Teoria do véu e dupla consciência
Estamos a poucos dias de mais um ato eleitoral. Mais do que discutir lideranças partidárias, méritos de percurso ou dissecar programas eleitorais, há uma questão que merece ser refletida, em particular no caso da Região Autónoma da Madeira, para as eleições do próximo dia 30 de janeiro. É comumente aceite que a Autonomia Política foi a grande responsável pelo maior período de desenvolvimento da Madeira. Através dela pudemos construir as vias de acesso, os estabelecimentos de ensino e de saúde para dotar a nossa Região de gente mais preparada e com melhor qualidade de vida.
Porém, outra questão se coloca: saber se a velocidade das transformações que tivemos na Madeira, por via deste instrumento, foi a mesma que os decisores políticos nacionais assumiram os problemas das duas Regiões Autónomas desde o 25 de abril.

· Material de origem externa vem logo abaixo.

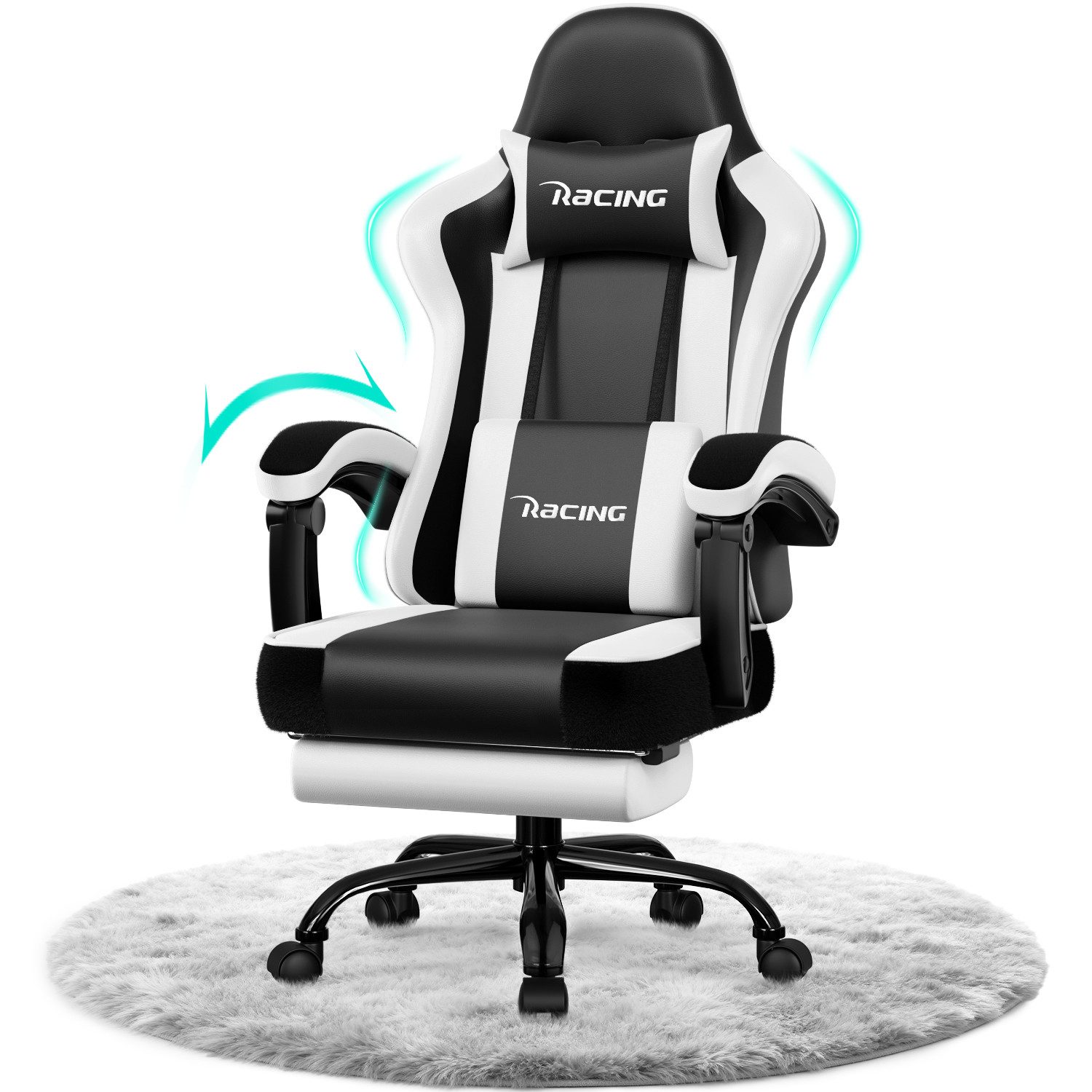 Adormii Gaming-Stuhl Gaming Stuhl ergonomisch Gaming Chair Bürostuhl verstellbare (Gaming Stuhl mit verstellbaren Lendenkissen, Armlehne und Kopfstütze, Gamer Stuhl Bequeme Sitzkissen), gepolsterter Gaming-Stuhl, bis 150 kg Belastbarkeit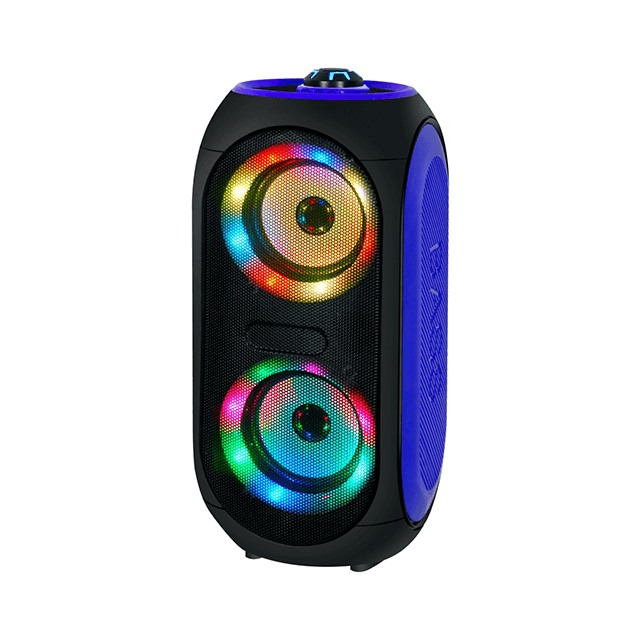 Doble altavoz inalámbrico recargable portátil de molde privado de 4 pulgadas con luz de anillo RGB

Na sua obra The Souls of Black Folk, o sociólogo W.E.B du Bois refere que, não obstante terem nascido e sido criados em solo americano, terem sido modelados pelas instituições dos Estados Unidos da América e doutrinados na mesma fé, sendo eles contribuintes ativos para a economia e a cultura do país, os negros dos Estados Unidos da América continuavam a ser vistos como o “outro” perpétuo que embora fossem iguais a tantos americanos caucasianos, eram sempre definidos de fora para dentro: nunca por aquilo que eram, mas sim por aquilo que nunca poderiam ser. Para o efeito, WEB referia que existia uma dupla consciência, por parte destes negros, em que eram norte-americanos na sua essência, mas nunca se sentiram ou foram sequer integrados na sua plenitude. Exista, segundo ele, um véu sobre os negros afro-americanos nascidos nos Estados Unidos que os impediam de ser vistos como eram, legitimando assim a exclusão social.
A referência a esta obra não é inocente. Mais do que se apelar aos méritos e qualidades de Rui Rio e aludir aos deméritos e mentiras, sistemáticas, de António Costa, aquilo que os madeirenses têm de escolher no próximo dia 30 é saber se legitimam, ou não, uma atitude de dupla consciência que o PS lhes tem tentado impor.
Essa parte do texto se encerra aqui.